WHAT IS BEING ASKED
Your reproduction of the entries should be exact and should contain no pictures.

Captioned web images:
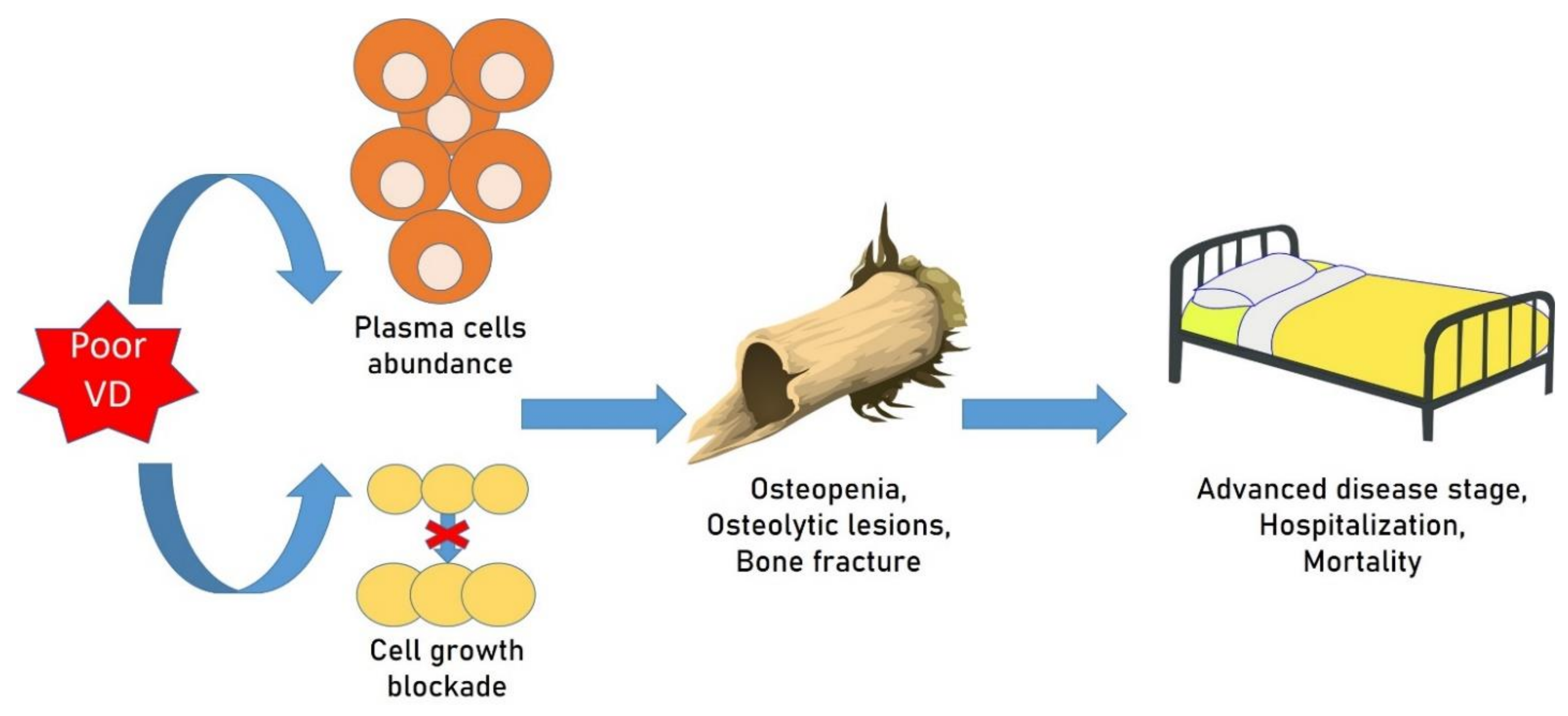 IJMS | Free Full-Text | Vitamin D Deficiency, Osteoporosis and Effect on  Autoimmune Diseases and Hematopoiesis: A Review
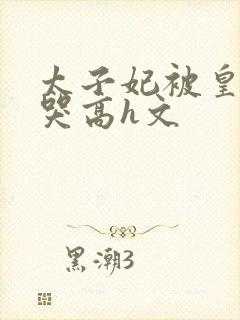 太子妃被皇上c哭高h文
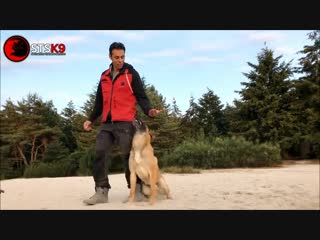 Belgian malinois training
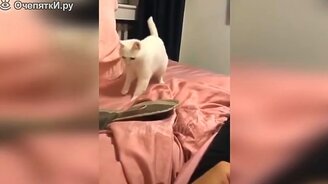 Коты, кошки, котята в прикольчиках - смотреть видео (9:54)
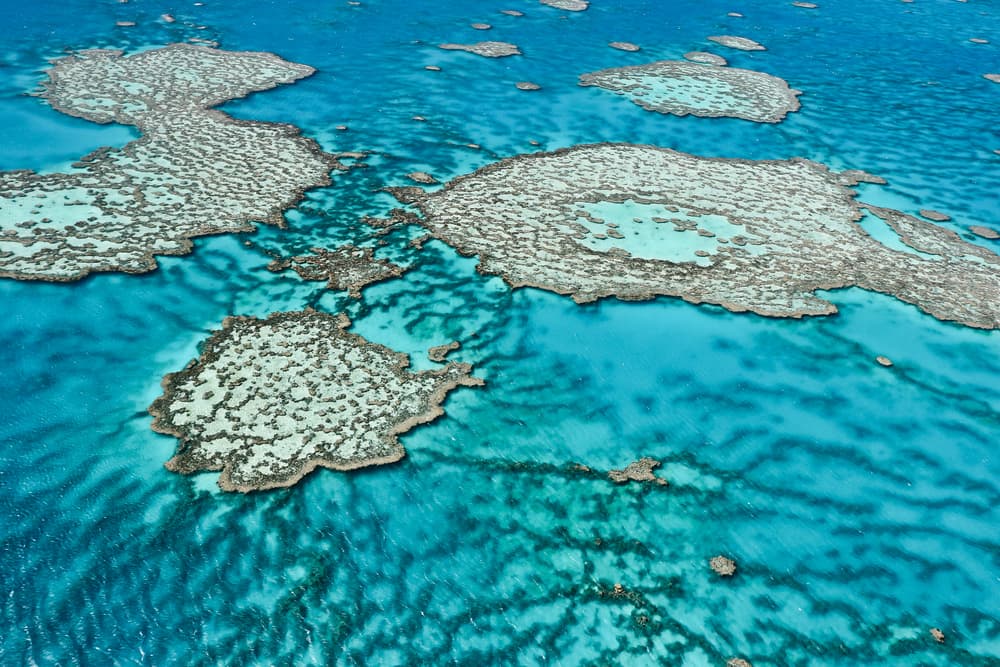 A new hope for the The Great Barrier Reef: Genetically Modified Corals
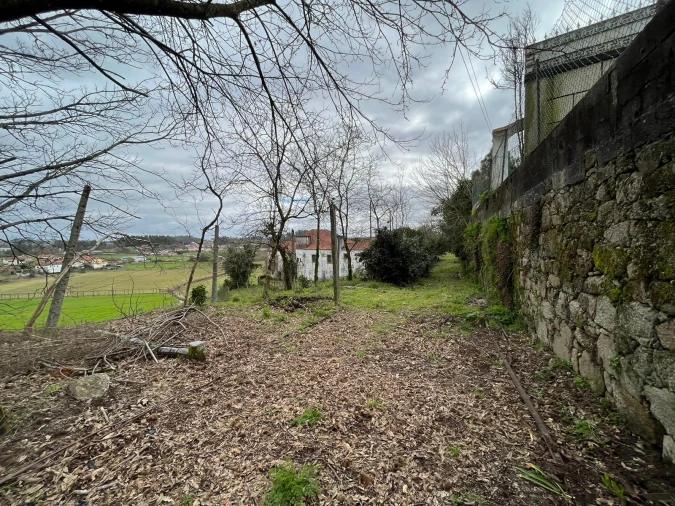 Quinta T0 para Venda em Sanfins Lamoso Codessos Foto 21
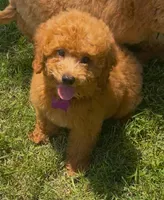 Ruby Red (mini), a female Miniature Goldendoodle for sale in Bloomfield, MO – 1 of 4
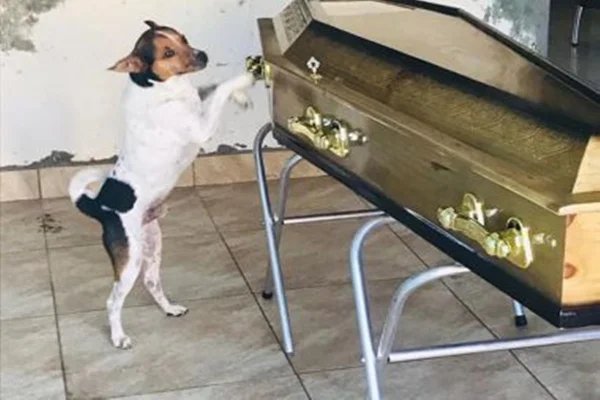 Cachorro ao lado de caixão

EXPECTED ANSWER
 IJMS | Free Full-Text | Vitamin D Deficiency, Osteoporosis and Effect on  Autoimmune Diseases and Hematopoiesis: A Review
 太子妃被皇上c哭高h文
 Belgian malinois training
 Коты, кошки, котята в прикольчиках - смотреть видео (9:54)
 A new hope for the The Great Barrier Reef: Genetically Modified Corals
 Quinta T0 para Venda em Sanfins Lamoso Codessos Foto 21
 Ruby Red (mini), a female Miniature Goldendoodle for sale in Bloomfield, MO – 1 of 4
 Cachorro ao lado de caixão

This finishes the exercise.